Тот, кто выбирает между интерпретацией и верой в непосредственно ему сообщаемое, выбирает между реальностью истории и ирреальной надеждой на вечную жизнь здесь и сейчас, между трудом (пошедшим на аргументирование) и праздностью (аффектированности), между ответственностью (разделяемой толкователем с толкуемым им автором) и безответственностью (не-автора), между трансцендентальным субъектом классической философии и квазисубъектом (если бы язык поворачивался, нужно было бы сказать: бес-субъектом) постмодернистских пермутаций, рассеянно передвигающим фишки в неведомо куда влекущей его игре.

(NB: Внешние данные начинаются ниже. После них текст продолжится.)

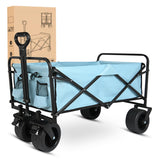 Yesker Foldable Wagon - 300lbs Collapsible Garden Carts with All Terrain Wheels for Outdoor Camping Sports Shopping Gardening - Heavy Duty Portable Utility Trolley (Blue)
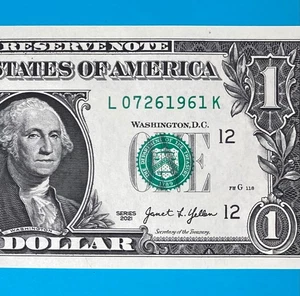July 26, 1961 (L 07261961 K) BIRTHDAY Note $1 One Dollar Bill *UNC* - Picture 1 of 4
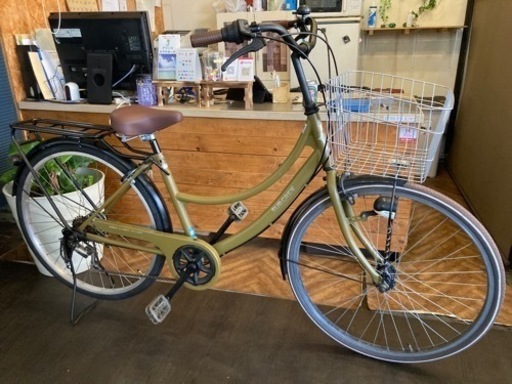 【後輪タイヤ・後輪チューブ新品！】 LEDオートライト　6段変速　26インチ自転車　マットキャメル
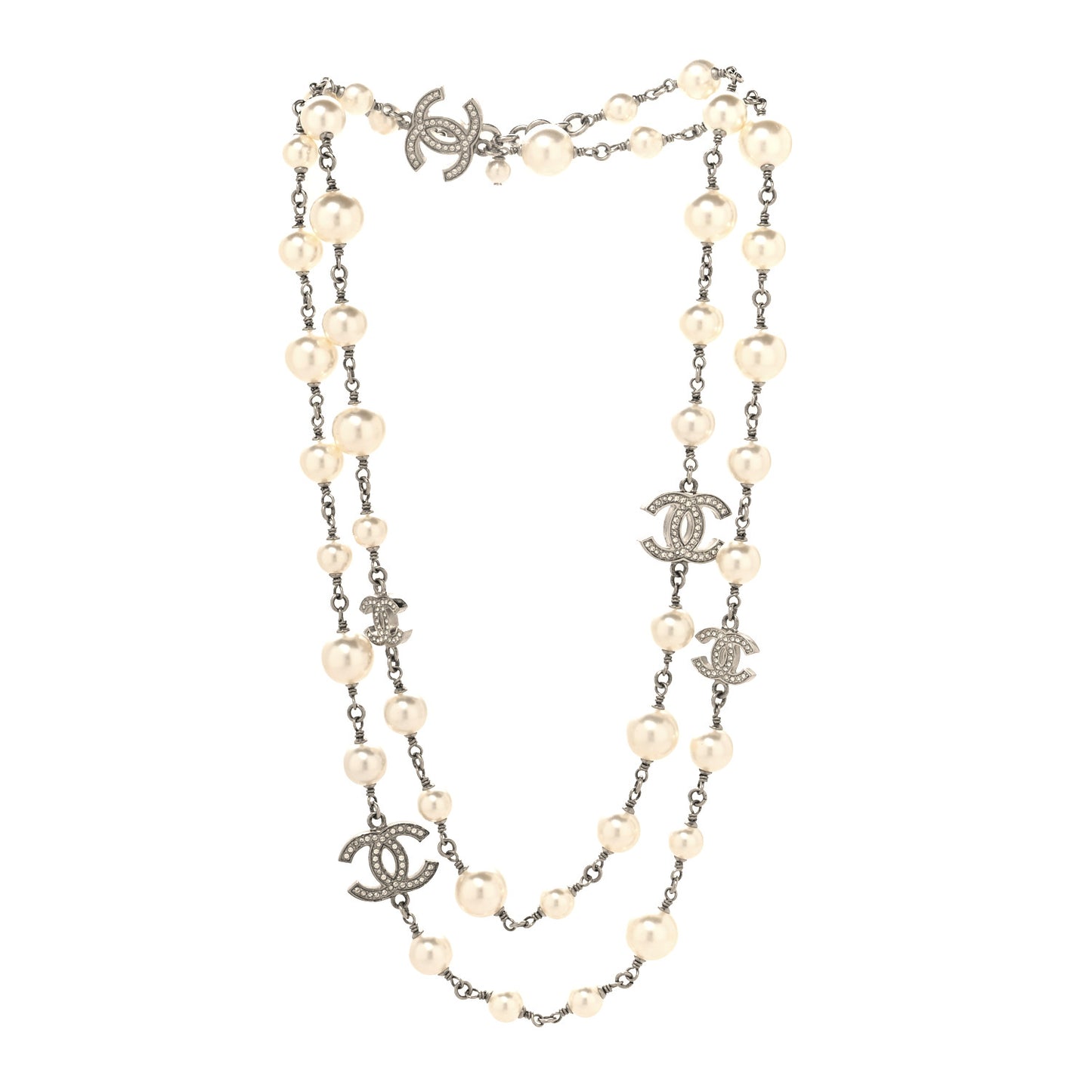 Crystal Pearl CC Long Necklace Silver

* * *Три раздела этого исследования были опубликованы в первоначальных редакциях в «Wiener Slawistischer Almanach»: Bd. 21, 1988, 287–299; Bd. 27, 1991, 119–136; Bd. 34, 1994, 143–182. Глава «Рафаэль и Юрий Живаго» появилась в сборнике «Pasternak-Studien I. Beiträge zum Intemationalen Pasternak-Kongress, 1991 in Marburg», hrsg. von S. Dorzweiler und H.-B. Harder (= Marburger Abhandlungen zur Geschichte und Kultur Osteuropas, Bd. 30), München, 1993, 155–171. Здесь она, как и остальное ранее напечатанное, публикуется в доработанном виде. Глава «Глухонемой демон» в сокращенном варианте издается в «Трудах Отдела древнерусской литературы» за 1996 г. То, что мы пишем о «Братьях Карамазовых», печатается в журнале «Die Welt der Slaven» (1996, Heft, 2). Две статьи, предварившие эту монографию, были посвящены: одна — памяти Зары Григорьевны Минц, другая — шестидесятипятилетию А. М. Пятигорского.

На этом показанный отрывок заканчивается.